Let equality prevail in libraries, at least

Published: Nov 12, 2014, 07:28 IST | Ranjona Banerji |

The vice-chancellor of the Aligarh Muslim University cannot open the Maulana Azad library to female students because, “there would be four times more boys” in the library if that happened

The vice-chancellor of the Aligarh Muslim University cannot open the Maulana Azad library to female students because, “there would be four times more boys” in the library if that happened. The library is already “jam-packed” with boys, we are told by the principal of the Women’s College. There might be disciplinary problems if females are allowed into a library which men use, we are told. And women have kindly been given their own space and enough books for their femaleness, we have also been told. And post-graduate students of all sexes have timings when they can go says the University’s public relations department.

No entry: The vice-chancellor of Aligarh Muslim University, Zameer Uddin Shah, stirred up a controversy with his comments that the Maulana Azad library cannot be opened to female students because, “there would be four times more boys” in the library if that happened. Pic/Getty Images

pic/Getty Images

The purpose of a library however is not of much significance here either for the VC of the University or for the principal of Women’s College. The fact is that the library has “boys” in it and girls want to get in and what could be more frightening than that?

The question some people might ask is, does the library have anything other than boys and girls who want to get in? Like books, for instance? Turns out that these girls are not satisfied with the books they have access to. They want those books that the boys read, jam-packed in this particular library, looking to create disciplinary problems.

This only proves how ridiculous and unreasonable girls can be. They have a college. They have books. Why can’t they be satisfied with that? Instead for some years now, female students have been demanding more.

This has been the problem with all these liberation movements so far. You give women an inch and they want a mile.

You give them a college and they want a bigger and better library. There’s just no satisfying them. You can substitute women with any other group that feels it hasn’t got its due and the result is the same: Black, Dalit, gay and so on — You give them a chance to ride on a bus they want a seat next to you. Never grateful.
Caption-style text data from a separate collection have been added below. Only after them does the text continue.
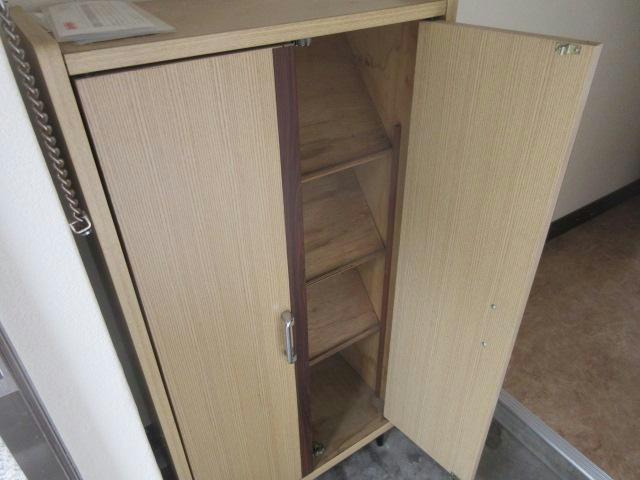 サンハイツ（東8南20）の玄関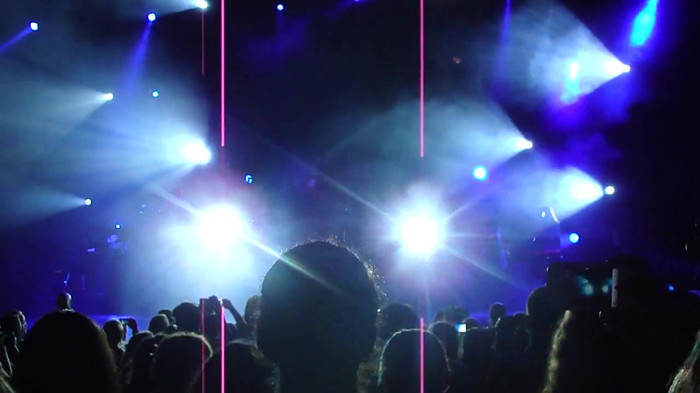 Entrance and All Night Long- Demi Lovato 02094 Entrance and All Night Long- Demi Lovato 02094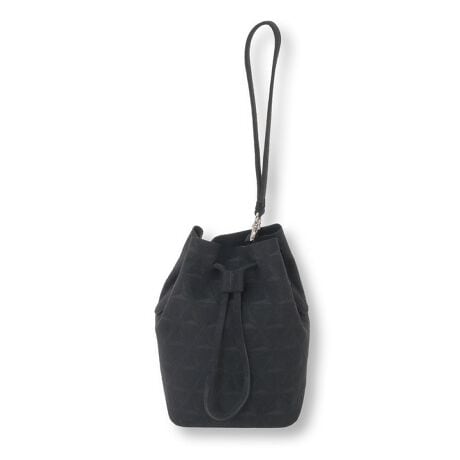 [^ԁFM0153EBG193]y̓ŕяオAVѐSl̂߂̋ВobOzԂ̓ɂg㎿Ultrasuede(EgXG[h)gpAڂ̔ƗDꂽ@\𗼗ВobOB悢VѐŜВ^obÓAANZT[oŎɎAV_[XgbvŃnYt[ɂƁAR[fBl[gV[ɍ킹ėlXȊyݕł̂|CgBԂȌڂɔĎ[͂ApQBiȑl̃fC[X^Cɂ肰ȂvXĂ܂ByfUCƑfށz{̃XEF[ĥ悤ȂȂ߂炩ȎGƁAقǂ̌yAɋNpłϋv͂UltrasuedeEgXG[h̗pBZppĕ\ꂽmÓA̓ɂ蕂яオAy^Ă܂B{̐ElɂmȋZpŒJɍĂAוɊ邱ƁApEϋv˔obOłBAR̍ĐꕔɎgpAւׂ̕yĂ̂|CgByVGbgz悢ƗVѐSvXĂВ^B咣ȂVvȃfUCŁAǂȃR[fBl[gɂ}b`Aiȑl̃X^Cɂ肰ȂvXĂ܂ByfBe[zV[Cɍ킹Ďς2WAYdlBV_[Xgbv7iKŒ\łBwʂɂ̓J[h|PbgAɂ͌p̃OXgbvtĂ܂B̓ɂĕяオA肰ȂmOfUC|CgByEstivant/GXeBozESTIVANT́Aԓɂ̗pUltrasuedeiEgXG[hjgpAyʂŐɋ@\obOEEHbguhBVvŐꂽfUC͕LR[fBl[gɃ}b`Aiȑľo܂BnY烂mOH܂ōѐYŁAEl̒JȎdグɂ荂ϋvB̋͂ƃfUCi[X쐳厁Ƃ̃^bOɂA㎿nCNIeBȃACe𐶂ݏoĂ܂By[J[iԁzHEA2A01ƖẺAPCX}[gtHȂǂ̊ɂAiƉ摜̃J[̌قȂꍇ܂B摜̓Tv̂߁AFTCY̎dlύXɂȂꍇ܂BTCY͕ЋK̍̐ɂċLڂĂ܂A኱̌̍ꍇ܂B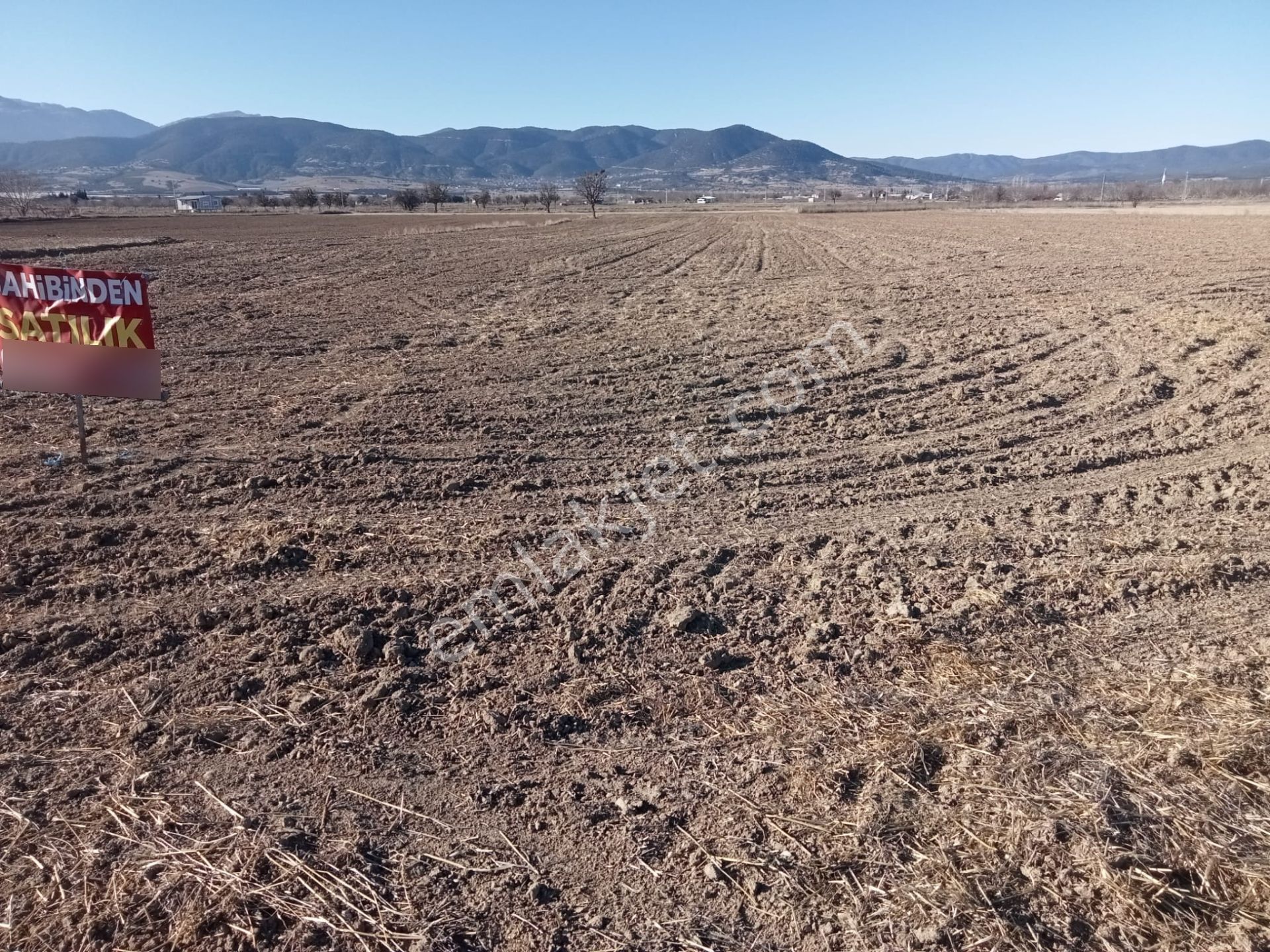 Antalya Bozova'da Yatırımlık Dev Arazi!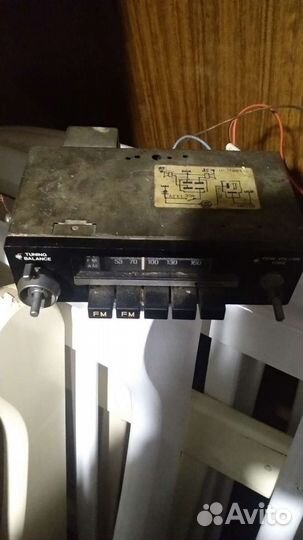 Автомагнитола clarion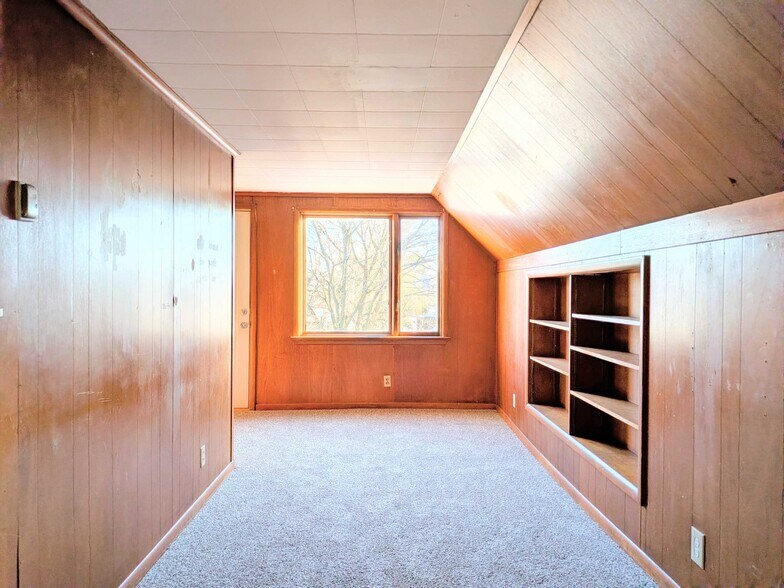 More Photos Of 18 5th St NE, Massillon Apartments For Sale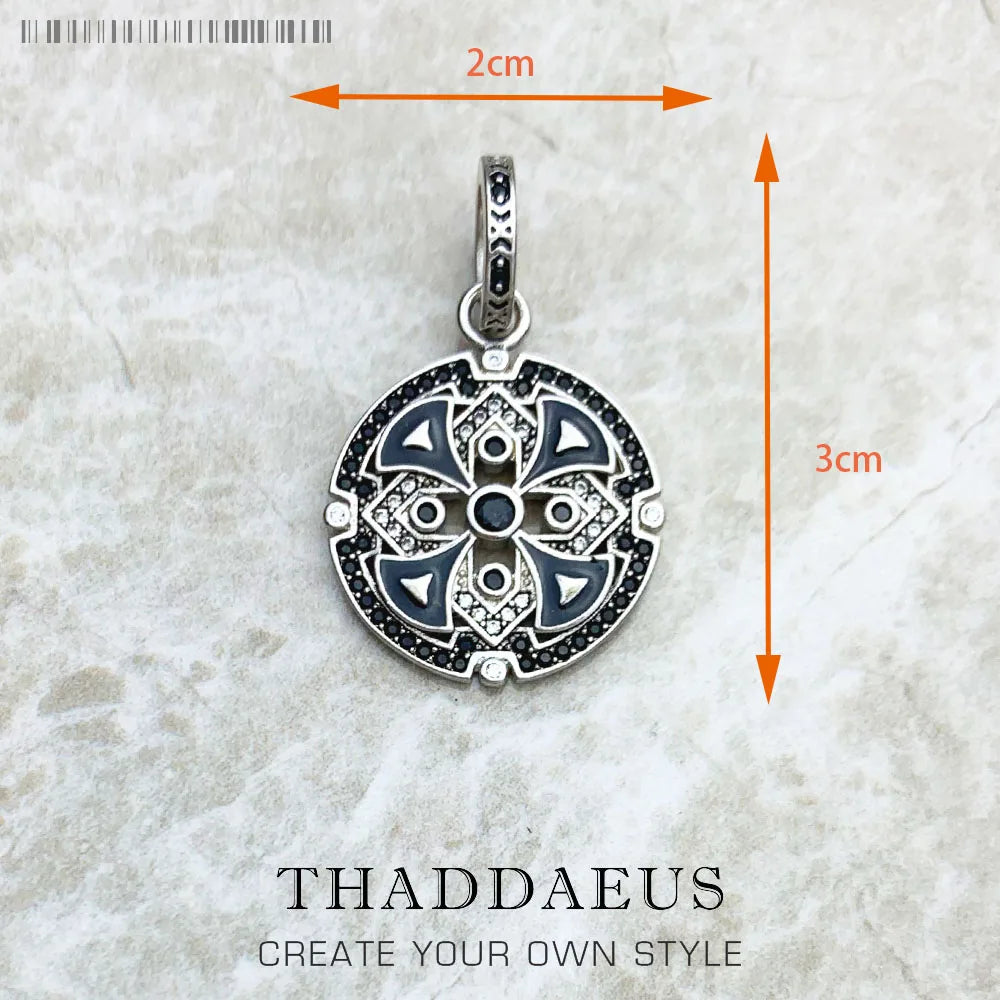 Rundes schwarzes Amulett-Anhänger mit filigranen Ornamenten, blauen Steinen und Prägungen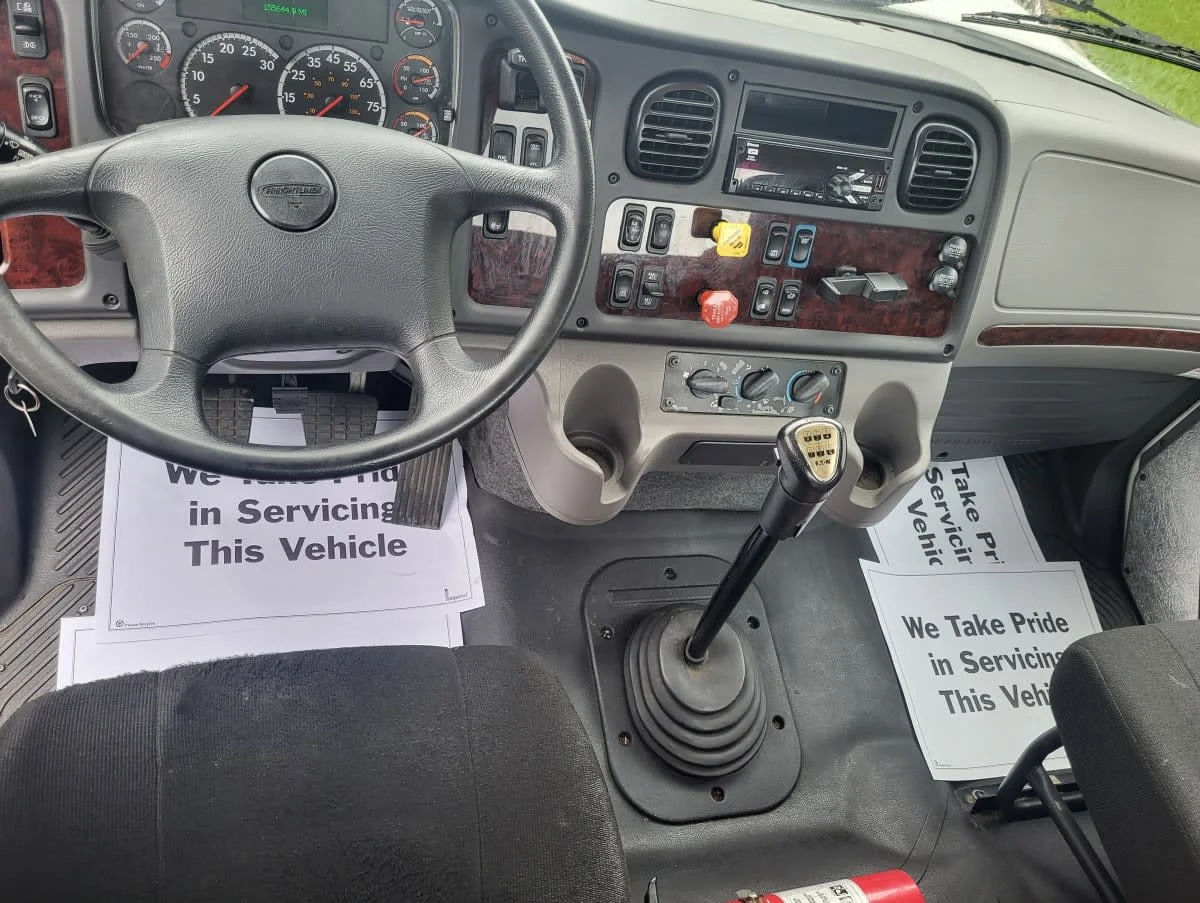 2020 Freightliner M2 112 in Jacksonville, FL — photo 7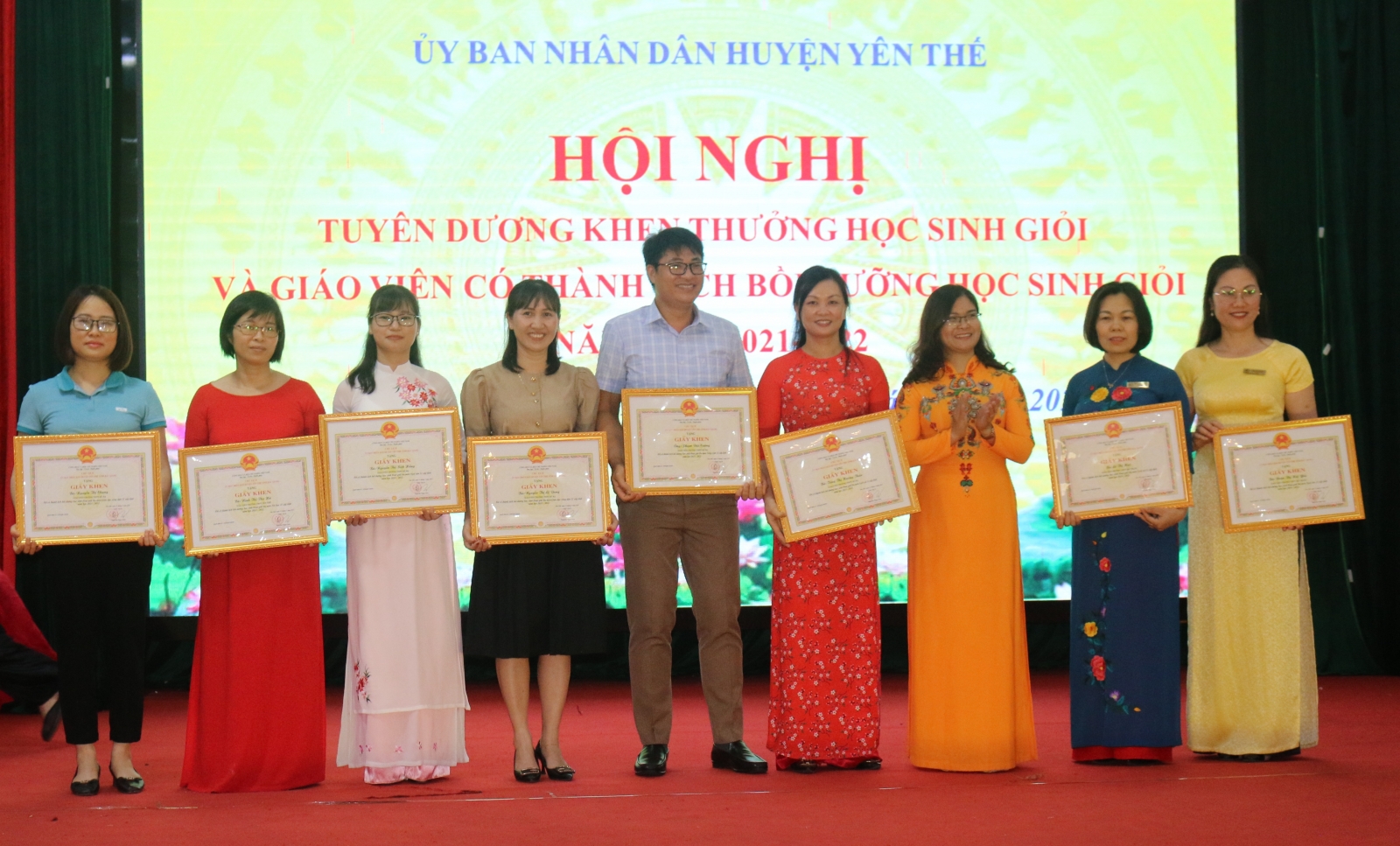 Huyện Yên Thế (Bắc Giang) khen thưởng giáo viên và học sinh giỏi - Ảnh minh hoạ 2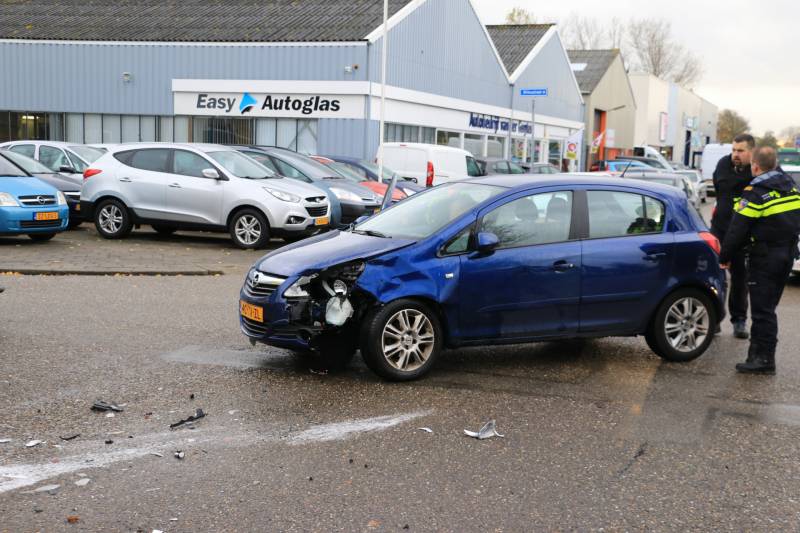 Bestuurder gewond bij aanrijding op kruising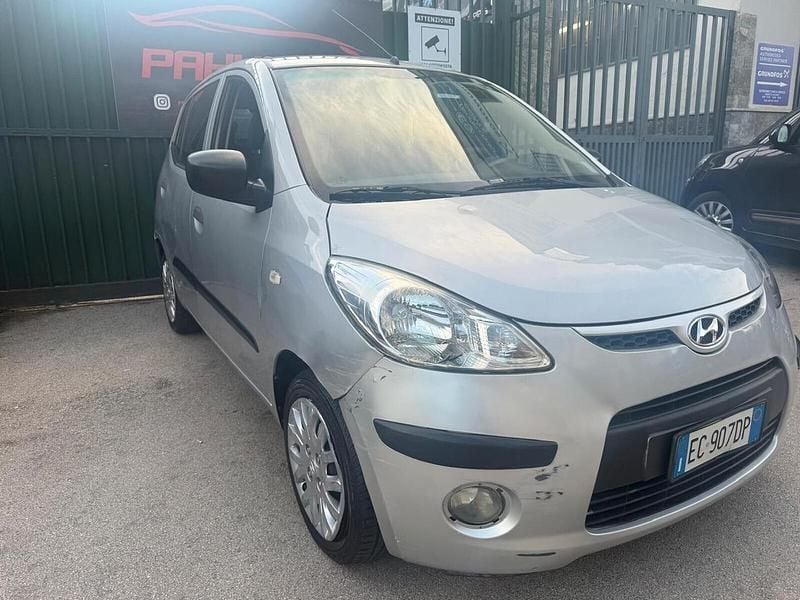 Usata Hyundai i10 Style 67 CV (49 kW) 2010 Grigio Utilitaria
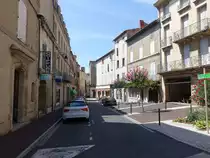 Castres, H�user in der Rue de la Hotel de Ville in der Altstadt (30.07.2018)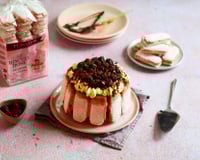 Charlotte forêt noire à la fève Tonka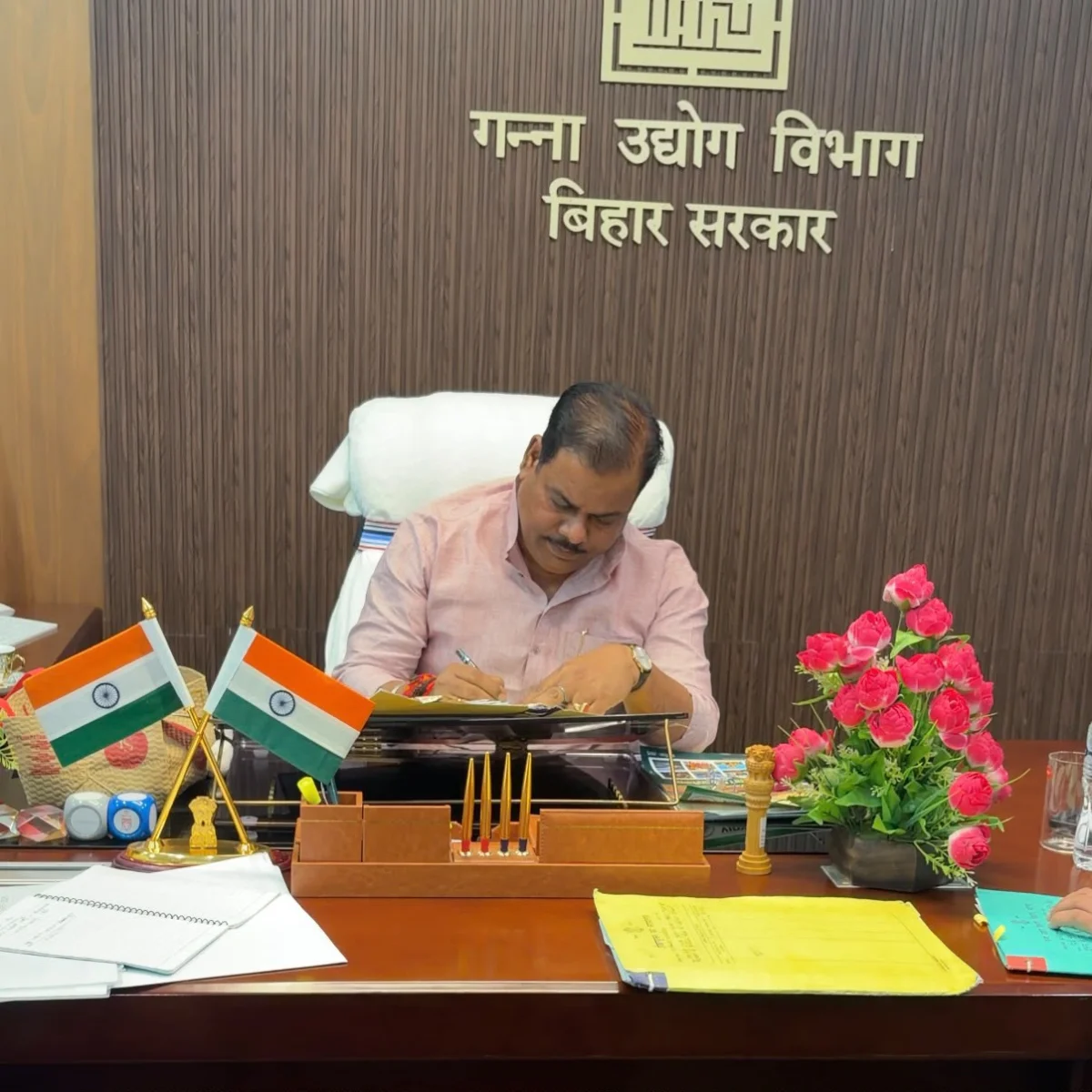 सासामूसा चीनी मिल के पुनर्जीवन की दिशा में बड़ा कदम, 14 हजार किसानों को मिलेगा 43 करोड़ रुपये का बकाया भुगतान 1 सासामूसा चीनी मिल के पुनर्जीवन की दिशा में बड़ा कदम, 14 हजार किसानों को मिलेगा 43 करोड़ रुपये का बकाया भुगतान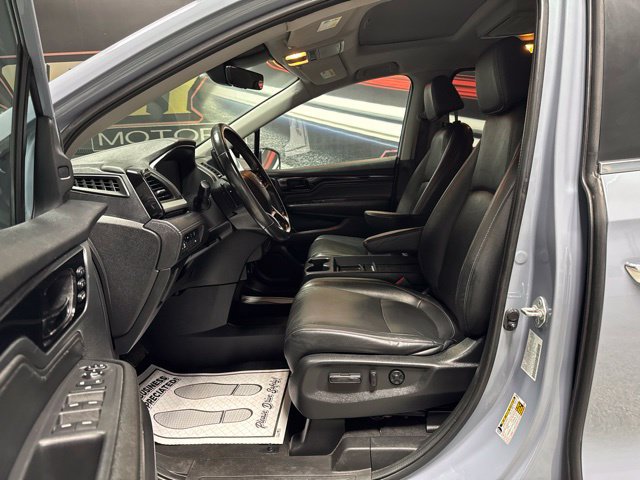 Used 2023 Honda Odyssey Touring image 5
There are some nuances at work here and it is the nuances that create discrimination. Apparently, the library will send over books that Women’s College students want to read. They can also visit the Maulana Azad Library at some specified timings. But the female students want to go to the library, browse and be members. They want not just to be allowed on the bus, they want to sit wherever they want. Like the men or the white people or the upper castes or the heterosexuals. They want to be treated like equals. They do not want a few sops here and there.

Barring places where there is extreme gender selection at birth, women make up half the human population. Oh dear, are you tired of reading this? Too bad. Half. That’s as many as the men people. Half. And yet, despite all the things men and women can do together it is sitting in a library for long periods of time at the same time that can
create disciplinary problems. That is why it is easier to envelope women in yards of fabric, hide their faces, stop them from wearing jeans, stop them from using mobile phones and stop them from leaving home.

Who knows what the boys think and whether they will be undisciplined or not. These gems have come from adult men and women who sound like academic administrators who would rather duck the real issue — how to allow all students to be equal members of a library — and so provide some roadside diversionary entertainment.

However it is fair to concede that the male students of the Aligarh Muslim University are very diligent. All too often no one goes to a library and many young people I have met have never even heard of one, let alone a book. The college that I went to in Calcutta had a large and historically well-stocked library. Boys and girls had the same privileges and yet, well, it was, er, peaceful.

Maybe if they let everyone in, this library might become as peaceful?